Date: Fri 23-Apr-1999
Date: Fri 23-Apr-1999
Publication: Hea
Author: DONNAG
Quick Words:
cardiac-treatments
Full Text:
HEALTH MONITOR: St Vincent's Hospital Tests Promising Cardiac Laser Treatment
BRIDGEPORT - An experimental cardiac laser surgery procedure is now available
at St Vincent's Medical Center. The procedure relieves severe chest paint by
using a laser to create channels in the heart muscle to increase blood flow.
Edward M. Kosinski, MD, chairman of the Department of Cardiovascular Medicine,
said St Vincent's is one of only 12 hospitals in the United States offering
the procedure which eases chest pain and severe coronary artery disease.
The Harvard trained cardiologist said that St Vincent's has treated more than
30 patients with the experimental procedure and that the results are very
promising. "The early research suggests that it is an extremely safe and
effective procedure," Dr Kosinski said. "We're finding that it is an adjunct
to angioplasty, especially in high risk patients."
Dr Kosinski said that by creating a new source of blood for the heart, the
procedure is particularly useful for patients who cannot benefit from
angioplasty or open heart surgery.

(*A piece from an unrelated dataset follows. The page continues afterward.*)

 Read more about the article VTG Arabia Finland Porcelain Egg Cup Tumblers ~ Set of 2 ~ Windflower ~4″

The national study also found that heart
patients with diabetes benefit from the procedure.
Officially known as "percutaneous transluminal myocardial revascularization
(PTMR)," the procedure combines lasers, computers and catheters to provide a
non-surgical option to increasing blood flow to the heart.

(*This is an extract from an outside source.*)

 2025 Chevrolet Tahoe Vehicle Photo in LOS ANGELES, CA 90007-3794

Laser energy is directed through a thin catheter or tube inserted into the
femoral artery and snaked through the circulatory system inside the heart. The
laser drills tiny holes in the walls of the heart's main pumping chamber.
"What we're doing is drilling upwards of 15 to 20 pin size holes about a
quarter an inch deep in the affected heart muscle," said Dr Kosinski. "The
procedure works by injuring the tissue, causing the body's own internal
processes to create new capillaries the increase blood flow to the area we
damaged." The procedure brings more blood (and the oxygen it carries) into the
heart muscle and relieves the severe pain known as angina pectoris.
In 1998, St Vincent's completed Phase I of the clinical trial which assessed
the safety of the Clipse Surgical Technologies's Holmium YAG laser. Phase II
of the study of evaluate PTMR in conjunction with angioplasty and for
treatment of totally occluded vessels is now underway.
Dr Kosinski said St Vincent's was selected to participate in the heart laser
trials because it has one of the busiest angioplasty (insertion of catheters
into blood vessels for diagnosis and treatment of artery disease) programs in
the northeast. St Vincent's has also been a leader in the clinical testing of
drugs and products used to treat heart disease. It is one of only six open
heart centers in Connecticut.
The St Vincent's heart program also received a boost when the medical center
recently affiliated with New York Presbyterian Healthcare, including the
medical centers at Columbia and Cornell. The affiliation has already led to
the opening for an electrophysiology lab to treat irregular heartbeats.